Task directions: Start to finish, print the data below exactly, without the images.
Recorded data START
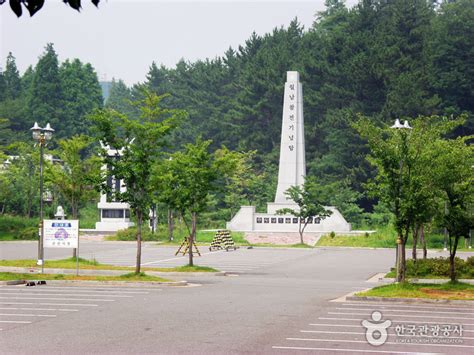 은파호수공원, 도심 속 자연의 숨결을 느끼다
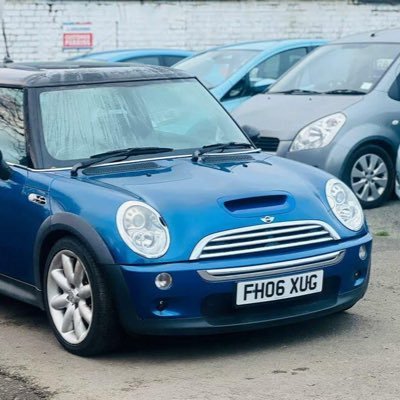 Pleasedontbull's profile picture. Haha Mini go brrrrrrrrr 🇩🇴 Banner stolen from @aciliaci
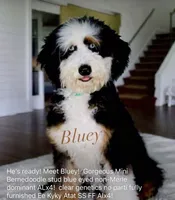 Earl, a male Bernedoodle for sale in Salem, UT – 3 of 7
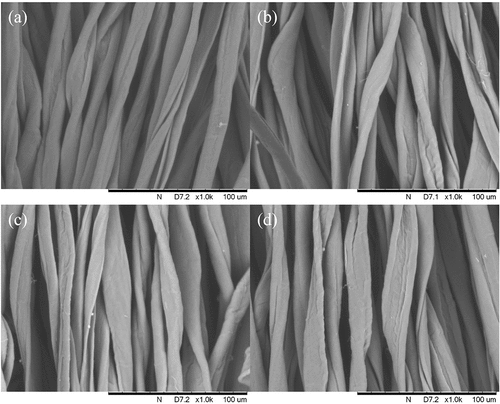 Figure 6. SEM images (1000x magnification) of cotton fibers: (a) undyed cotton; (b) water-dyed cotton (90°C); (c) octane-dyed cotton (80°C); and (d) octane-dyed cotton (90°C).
Recorded data END
Output of the exercise:
 은파호수공원, 도심 속 자연의 숨결을 느끼다
 Pleasedontbull's profile picture. Haha Mini go brrrrrrrrr 🇩🇴 Banner stolen from @aciliaci
 Earl, a male Bernedoodle for sale in Salem, UT – 3 of 7
 Figure 6. SEM images (1000x magnification) of cotton fibers: (a) undyed cotton; (b) water-dyed cotton (90°C); (c) octane-dyed cotton (80°C); and (d) octane-dyed cotton (90°C).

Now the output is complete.